А вот едем мы на гастроли в Восточную Пруссию, присоединенную к Советскому Союзу. Война только что кончилась, в нашем вагоне едут домой бывшие военнопленные немцы - из первых, кого отпустили. Молодые парни, многие без зубов, цинготные, вид у них жалкий… И вспоминается мне, как вели по Невскому проспекту в Ленинграде, сразу после снятия блокады, колонну первых пленных немцев, и русский конвой буквально собой прикрывал их с обеих сторон, спасая от толпы разъяренных женщин. Ведь блокаду Ленинграда - 900 дней беспрерывных страданий - никогда не описать по-настоящему. И я, от начала до конца прошедшая круги этого ада, смотря теперь хроникальные фильмы о блокаде Ленинграда, не могу поверить, что такое на самом деле было, такого человек не может пережить. А ведь было же - и еще страшнее.
Только месяц, как кончилась война, и они, вчерашние враги, сидят с нами рядом, и мы с ними делим свой скудный хлеб. Люди ведь, никуда не денешься. Берут, благодарят, улыбаются заискивающе. И жалко их!
Приезжаем в Кенигсберг. Этот огромный город союзники в последние дни войны сровняли с землей. В одну ночь прошла стальная туча, выплюнула тысячи бомб - и не осталось ничего на земле на многие километры, только кое-где торчат полуразрушенные здания. Жуткое впечатление производят чистенькие, подметенные улицы: оставшихся немцев заставили очистить их от камней и штукатурки. Мертвый город. И повсюду нас преследует специфический трупный запах - в развалинах разлагаются трупы, а вытаскивать их оттуда некому.
Выйдя в первый раз из дома, где мы жили, я увидела сидящую на камне старуху-немку. С тех пор я видела ее на том же месте каждый день.
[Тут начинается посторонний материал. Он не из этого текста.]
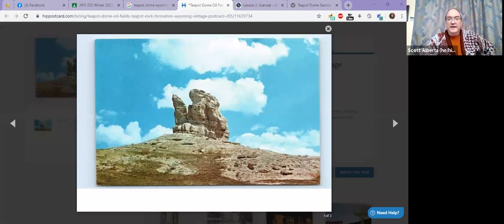For my next teapot, I'm going to do something a little bit different. I'm going to share my screen, and here is the teapot dome.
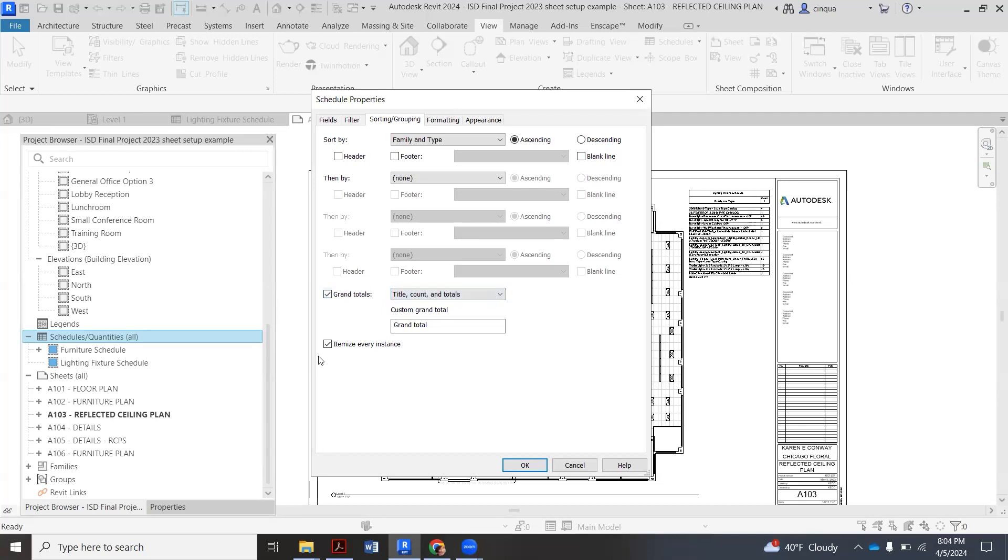So that'll kind of mimic what I have here already, but we want to uncheck itemize every instance. Because what that would do is, for example, if I had like 50 can lights it's going to list each one individually and then give me the total of 50. I don't want that, that'll take up my whole darn piece of paper. So that's why we unchecked that.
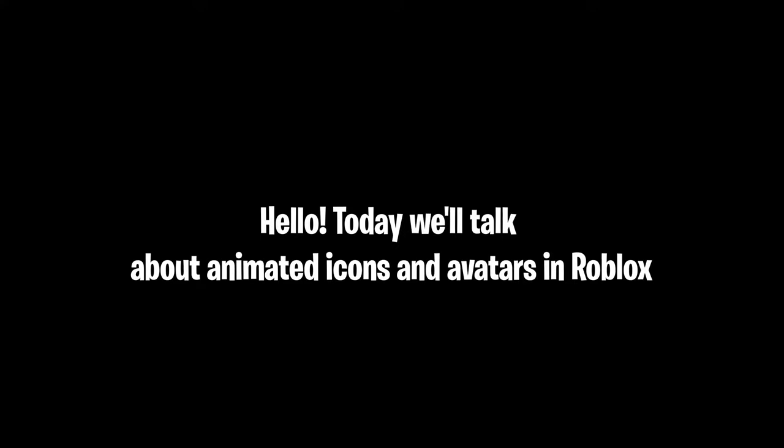Hello! Today we'll talk about animated icons and avatars in Roblox. I'm gonna talk about pluses and minuses of using these things.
Она была похожа на черную, высохшую мумию, и только горящие глаза говорили о том, что она жива. Что же это? Значит, и они тоже голодали?
По дороге в офицерскую столовую, где мы питаемся, я встретила маленькую девчушку, лет пяти, хорошенькую и белокурую, как ангелочек. Я обратила внимание, что на ногах у нее - огромные мужские сапоги, прикрученные тряпками, чтобы ноги из них не вываливались. Я подошла к ней:
- Как тебя зовут?
- Хельга. Брот есть?
Взяла я ее с собой в столовую, накормили ее там, дали с собой банку супу, мяса, хлеба. И всякий раз, как мы шли в столовую обедать, мы встречали ее все там же:
- Гут морген, Хельга.
- Гут морген. Брот есть?
Подошло время мне рожать. Все знакомые женщины советуют:
- Только не ходи в большую больницу, там сотни баб лежат и орут, там хоть "караул!" кричи - никого не дозовешься.
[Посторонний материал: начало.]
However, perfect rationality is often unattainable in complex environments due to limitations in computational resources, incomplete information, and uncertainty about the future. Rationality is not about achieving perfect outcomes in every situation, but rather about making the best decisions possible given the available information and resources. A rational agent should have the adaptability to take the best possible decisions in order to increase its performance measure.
Но куда же? Узнала, что есть небольшой родильный дом, кроватей на 60, но туда невозможно попасть. Мне и посоветовали: как начнутся схватки, ты - прямиком туда, кричи, что первый раз рожаешь и никуда не уйдешь. Найдут, куда положить, у них всегда есть резервные места для важных персон. Так я и сделала. Чуть только у меня начались схватки, Марк меня и привез туда. Тут нам сразу же:
- Мест нет, поезжайте в другую больницу.
Я - в слезы:
- У меня первые роды, я боюсь, а вдруг я на улице рожу!
Вызвали врача.
А у меня вдруг схватки совсем прекратились. Посмотрела она меня и велит ехать домой:
- Рано еще, завтра будете рожать. Но к нам не приезжайте, я вас предупреждаю, - все равно не примем.
Ну, что тут делать? Да не пойду я никуда, вот буду тут сидеть в коридоре, пока не рожу, - небось, не выгонят!
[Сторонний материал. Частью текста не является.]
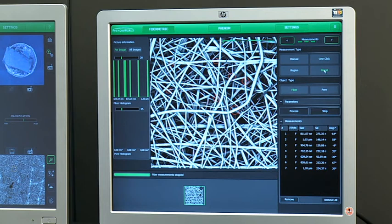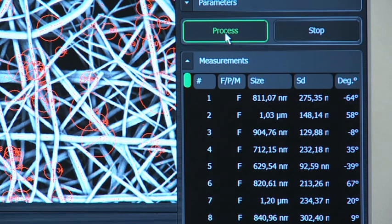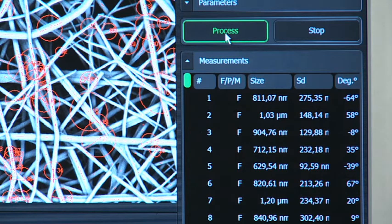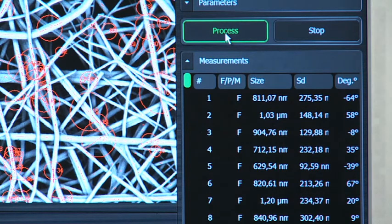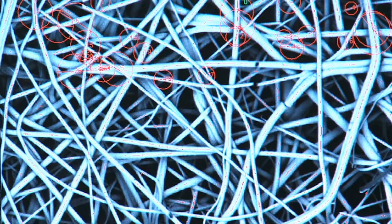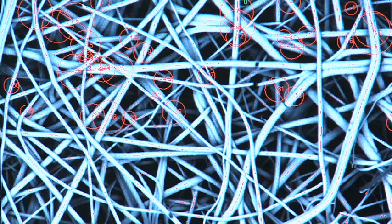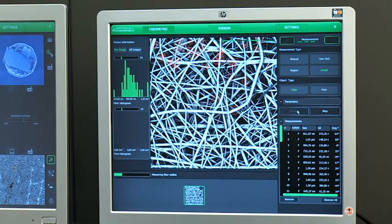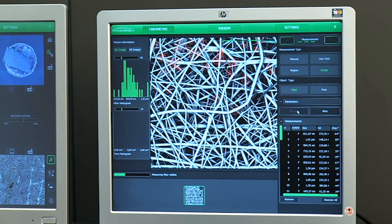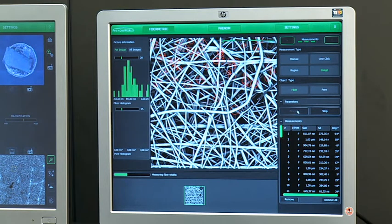The fully automated procedure can be started by selecting image and process. Once processing starts, FiberMetric collects all data automatically using the settings specified in the parameters menu. While fiber and pore data are being collected and stored, a histogram is filled visualizing the fiber size distribution.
Так я с 6 утра до 12 ночи и просидела в пальто на деревянной скамейке в коридоре. Ходят мимо меня целый день врачи, диву даются:
- Что, все сидишь? А я свое тяну:
- И буду сидеть, и не уйду, у меня первые роды, я боюсь…
А няньки мне:
- Да чего боишься-то? Не ты первая, не ты последняя. Иди домой, ночь уже!
- Не пойду. А если что со мной случится - вы отвечать будете. У меня первые роды.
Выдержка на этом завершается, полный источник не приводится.